Import media content to transcribe

Take advantage of Whisperit's transcription features

Last updated About 2 months ago


Upload your audio and video files to ease note-taking and meeting reports for even faster processing

With Whisperit, you can import text or audio files. This feature allows you to add specific context to your requests and enhanced and faster documents by transcribing your media content.

How to import your audio and video files into Whisperit

Importing and transcribing audio and video files is easy with the built-in document assistant.

Step 1: Create a New Document

  • Log in to the application and navigate to the Documents section.

  • Click to create a new blank document.

Step 2: Access the Assistant

  • Find the assistant interface on the side panel of your document workspace.

Step 3: Upload Your audio or video file

  • Locate the “Upload” or file drag-and-drop area within the assistant.
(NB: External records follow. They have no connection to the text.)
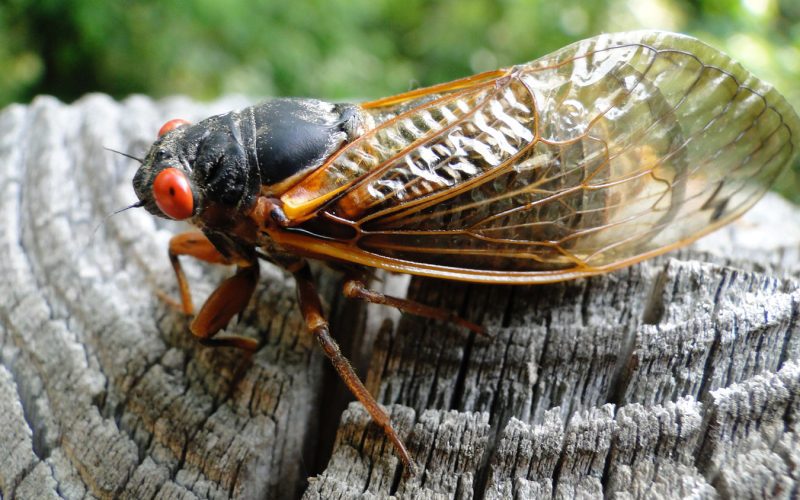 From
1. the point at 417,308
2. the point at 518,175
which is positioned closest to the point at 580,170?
the point at 518,175

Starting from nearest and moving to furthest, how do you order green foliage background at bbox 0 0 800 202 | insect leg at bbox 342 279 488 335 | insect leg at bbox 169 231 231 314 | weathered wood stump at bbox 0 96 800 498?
weathered wood stump at bbox 0 96 800 498 < insect leg at bbox 342 279 488 335 < insect leg at bbox 169 231 231 314 < green foliage background at bbox 0 0 800 202

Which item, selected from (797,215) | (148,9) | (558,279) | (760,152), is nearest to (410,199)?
(558,279)

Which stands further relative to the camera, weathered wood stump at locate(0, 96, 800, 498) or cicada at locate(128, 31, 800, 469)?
cicada at locate(128, 31, 800, 469)

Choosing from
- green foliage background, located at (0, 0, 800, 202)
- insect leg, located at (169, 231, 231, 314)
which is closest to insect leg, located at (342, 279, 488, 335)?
insect leg, located at (169, 231, 231, 314)

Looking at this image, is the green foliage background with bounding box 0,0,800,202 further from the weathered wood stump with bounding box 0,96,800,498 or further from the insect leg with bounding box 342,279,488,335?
the insect leg with bounding box 342,279,488,335

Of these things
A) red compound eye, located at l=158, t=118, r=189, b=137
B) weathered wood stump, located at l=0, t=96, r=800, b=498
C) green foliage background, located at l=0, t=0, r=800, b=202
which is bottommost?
weathered wood stump, located at l=0, t=96, r=800, b=498

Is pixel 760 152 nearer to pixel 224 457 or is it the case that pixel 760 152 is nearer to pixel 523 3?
pixel 224 457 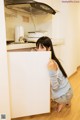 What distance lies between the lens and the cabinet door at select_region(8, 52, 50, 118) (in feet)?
6.00

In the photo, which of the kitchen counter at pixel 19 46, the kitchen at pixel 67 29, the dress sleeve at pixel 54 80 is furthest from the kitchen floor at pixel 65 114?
the kitchen at pixel 67 29

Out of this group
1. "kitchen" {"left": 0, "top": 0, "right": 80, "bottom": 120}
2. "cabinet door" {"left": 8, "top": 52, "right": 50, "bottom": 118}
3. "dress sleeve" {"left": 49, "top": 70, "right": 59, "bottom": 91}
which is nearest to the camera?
"cabinet door" {"left": 8, "top": 52, "right": 50, "bottom": 118}

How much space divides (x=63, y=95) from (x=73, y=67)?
2.05 metres

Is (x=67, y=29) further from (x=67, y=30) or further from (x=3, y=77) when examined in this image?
(x=3, y=77)

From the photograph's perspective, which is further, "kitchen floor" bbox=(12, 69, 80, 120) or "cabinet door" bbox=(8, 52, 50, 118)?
"kitchen floor" bbox=(12, 69, 80, 120)

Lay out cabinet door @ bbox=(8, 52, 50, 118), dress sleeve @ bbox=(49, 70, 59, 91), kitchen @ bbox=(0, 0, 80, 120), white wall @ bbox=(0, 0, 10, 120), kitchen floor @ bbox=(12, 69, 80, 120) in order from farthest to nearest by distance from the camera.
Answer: kitchen @ bbox=(0, 0, 80, 120) < kitchen floor @ bbox=(12, 69, 80, 120) < dress sleeve @ bbox=(49, 70, 59, 91) < cabinet door @ bbox=(8, 52, 50, 118) < white wall @ bbox=(0, 0, 10, 120)

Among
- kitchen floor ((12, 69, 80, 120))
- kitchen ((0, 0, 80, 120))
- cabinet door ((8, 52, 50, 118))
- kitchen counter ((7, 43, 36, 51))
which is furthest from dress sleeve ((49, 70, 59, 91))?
kitchen ((0, 0, 80, 120))

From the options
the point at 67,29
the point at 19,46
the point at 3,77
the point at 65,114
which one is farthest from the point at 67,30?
the point at 3,77

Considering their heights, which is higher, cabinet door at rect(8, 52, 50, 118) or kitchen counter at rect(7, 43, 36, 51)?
kitchen counter at rect(7, 43, 36, 51)

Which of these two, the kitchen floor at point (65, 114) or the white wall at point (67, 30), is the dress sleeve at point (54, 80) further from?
the white wall at point (67, 30)

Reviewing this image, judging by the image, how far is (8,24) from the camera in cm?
244

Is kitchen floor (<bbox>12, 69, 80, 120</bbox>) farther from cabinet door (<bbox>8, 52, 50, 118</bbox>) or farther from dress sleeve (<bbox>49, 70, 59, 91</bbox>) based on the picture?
dress sleeve (<bbox>49, 70, 59, 91</bbox>)

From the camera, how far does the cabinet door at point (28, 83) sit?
183cm

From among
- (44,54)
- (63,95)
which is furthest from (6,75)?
(63,95) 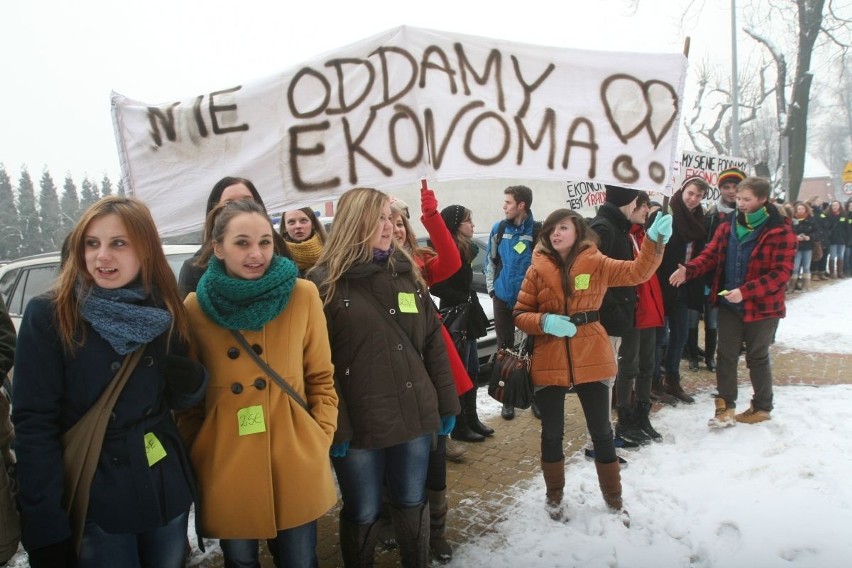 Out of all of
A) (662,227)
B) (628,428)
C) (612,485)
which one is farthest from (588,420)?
(628,428)

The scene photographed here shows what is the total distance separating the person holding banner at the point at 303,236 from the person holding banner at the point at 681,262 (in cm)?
380

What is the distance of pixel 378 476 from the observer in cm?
270

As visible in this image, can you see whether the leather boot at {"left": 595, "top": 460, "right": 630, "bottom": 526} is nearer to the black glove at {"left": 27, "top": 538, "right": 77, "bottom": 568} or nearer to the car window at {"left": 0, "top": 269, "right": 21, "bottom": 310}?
the black glove at {"left": 27, "top": 538, "right": 77, "bottom": 568}

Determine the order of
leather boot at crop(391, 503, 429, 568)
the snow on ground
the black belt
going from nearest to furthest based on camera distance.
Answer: leather boot at crop(391, 503, 429, 568) < the snow on ground < the black belt

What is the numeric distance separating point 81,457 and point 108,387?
0.25 m

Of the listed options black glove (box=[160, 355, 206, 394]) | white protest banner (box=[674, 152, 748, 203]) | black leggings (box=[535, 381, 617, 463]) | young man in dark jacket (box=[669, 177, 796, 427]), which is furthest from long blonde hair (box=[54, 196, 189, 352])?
white protest banner (box=[674, 152, 748, 203])

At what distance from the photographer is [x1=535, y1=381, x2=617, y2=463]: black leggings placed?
3492mm

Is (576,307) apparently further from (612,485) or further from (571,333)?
(612,485)

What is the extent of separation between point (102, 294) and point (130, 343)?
0.20 meters

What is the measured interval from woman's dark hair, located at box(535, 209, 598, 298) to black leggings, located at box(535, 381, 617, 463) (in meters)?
0.62

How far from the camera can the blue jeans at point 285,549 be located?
7.63ft

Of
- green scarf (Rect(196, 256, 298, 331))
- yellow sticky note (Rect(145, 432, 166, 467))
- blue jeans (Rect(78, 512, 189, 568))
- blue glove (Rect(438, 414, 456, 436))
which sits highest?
green scarf (Rect(196, 256, 298, 331))

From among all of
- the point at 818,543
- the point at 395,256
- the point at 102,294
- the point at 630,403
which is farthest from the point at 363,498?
the point at 630,403

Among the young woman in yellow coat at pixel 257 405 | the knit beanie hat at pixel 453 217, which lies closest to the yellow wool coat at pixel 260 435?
the young woman in yellow coat at pixel 257 405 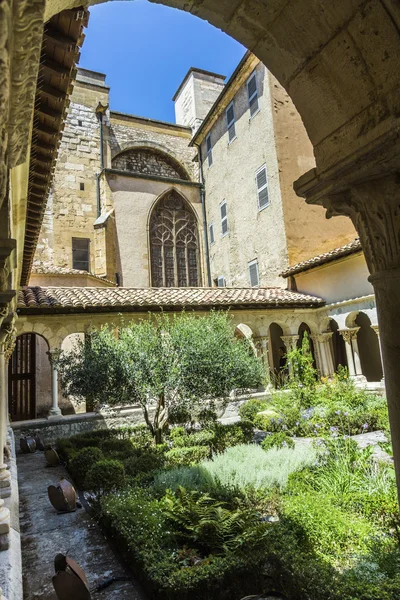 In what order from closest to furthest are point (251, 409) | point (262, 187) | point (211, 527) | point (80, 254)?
point (211, 527) < point (251, 409) < point (262, 187) < point (80, 254)

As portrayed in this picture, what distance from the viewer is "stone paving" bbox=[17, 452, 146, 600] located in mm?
3395

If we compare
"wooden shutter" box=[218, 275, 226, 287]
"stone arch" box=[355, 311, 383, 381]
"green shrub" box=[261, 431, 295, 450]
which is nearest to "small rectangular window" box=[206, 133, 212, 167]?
"wooden shutter" box=[218, 275, 226, 287]

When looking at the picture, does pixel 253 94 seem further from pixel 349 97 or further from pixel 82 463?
pixel 349 97

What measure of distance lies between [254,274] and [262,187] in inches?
139

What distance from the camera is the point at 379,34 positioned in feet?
6.40

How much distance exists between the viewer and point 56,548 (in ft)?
13.5

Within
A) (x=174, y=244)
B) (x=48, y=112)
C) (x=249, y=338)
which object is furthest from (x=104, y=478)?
(x=174, y=244)

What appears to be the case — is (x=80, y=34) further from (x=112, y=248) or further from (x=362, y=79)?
(x=112, y=248)

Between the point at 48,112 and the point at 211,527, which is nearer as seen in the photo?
the point at 48,112

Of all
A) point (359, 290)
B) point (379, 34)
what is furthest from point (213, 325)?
point (379, 34)

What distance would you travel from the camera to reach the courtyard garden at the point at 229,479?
3105mm

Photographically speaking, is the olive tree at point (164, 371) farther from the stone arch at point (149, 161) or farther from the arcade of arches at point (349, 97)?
the stone arch at point (149, 161)

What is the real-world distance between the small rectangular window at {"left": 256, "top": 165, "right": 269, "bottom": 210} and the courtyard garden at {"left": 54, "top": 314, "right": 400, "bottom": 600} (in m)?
7.64

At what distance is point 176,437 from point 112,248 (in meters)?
10.5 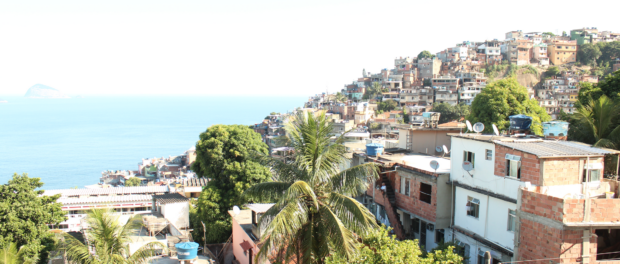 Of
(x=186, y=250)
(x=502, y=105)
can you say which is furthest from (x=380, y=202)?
(x=502, y=105)

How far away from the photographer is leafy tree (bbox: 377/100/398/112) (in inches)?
3388

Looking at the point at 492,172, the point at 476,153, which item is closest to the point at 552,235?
the point at 492,172

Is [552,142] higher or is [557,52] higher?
[557,52]

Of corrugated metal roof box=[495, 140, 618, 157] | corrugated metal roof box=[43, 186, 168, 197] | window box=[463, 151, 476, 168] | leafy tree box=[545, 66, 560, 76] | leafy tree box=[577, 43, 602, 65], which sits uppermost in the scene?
leafy tree box=[577, 43, 602, 65]

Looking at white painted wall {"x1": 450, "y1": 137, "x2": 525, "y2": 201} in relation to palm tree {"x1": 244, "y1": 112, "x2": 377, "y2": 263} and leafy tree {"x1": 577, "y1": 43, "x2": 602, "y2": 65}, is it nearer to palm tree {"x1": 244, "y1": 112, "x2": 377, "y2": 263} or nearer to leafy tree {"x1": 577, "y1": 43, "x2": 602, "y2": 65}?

  • Drag your media file into this area. Wait until the upload completes.

Step 4: Listen and Transcribe

  • Once uploaded, you’ll be able to play back the audio directly.

  • To transcribe, click the “Reprocess” button.

Step 5: Review and Use the Transcription

  • The transcribed text will appear instantly (or after processing, for multi-speaker files).

  • Review the results directly inside your document.

The different transcription modes

Before clicking on "reprocess” you can select the different transcription modes on the assistant button.

The Text to Speech modes

These use cases help select the appropriate template based on the transcription or content processing goal. Each serves a distinct role from raw transcription to structured document production or multi-speaker analysis. This guide should help quickly choose the best template for your intended output.

Standard

Converts speech to text exactly as spoken.

  • Suitable for straightforward speech-to-text conversion without additional processing or response.

  • Use when you only need an exact text transcript as spoken.

Multi-speaker meeting (Diarization)

Designed for transcriptions involving multiple speakers in meetings.

  • Use when you need to separate and identify who said what for clear meeting documentation.

  • Indicate the number of speakers if prompted, then reprocess the file.

  • The assistant will attempt to identify and separate speakers for more detailed transcription.

Note: Multi-speaker processing may take longer than standard transcription.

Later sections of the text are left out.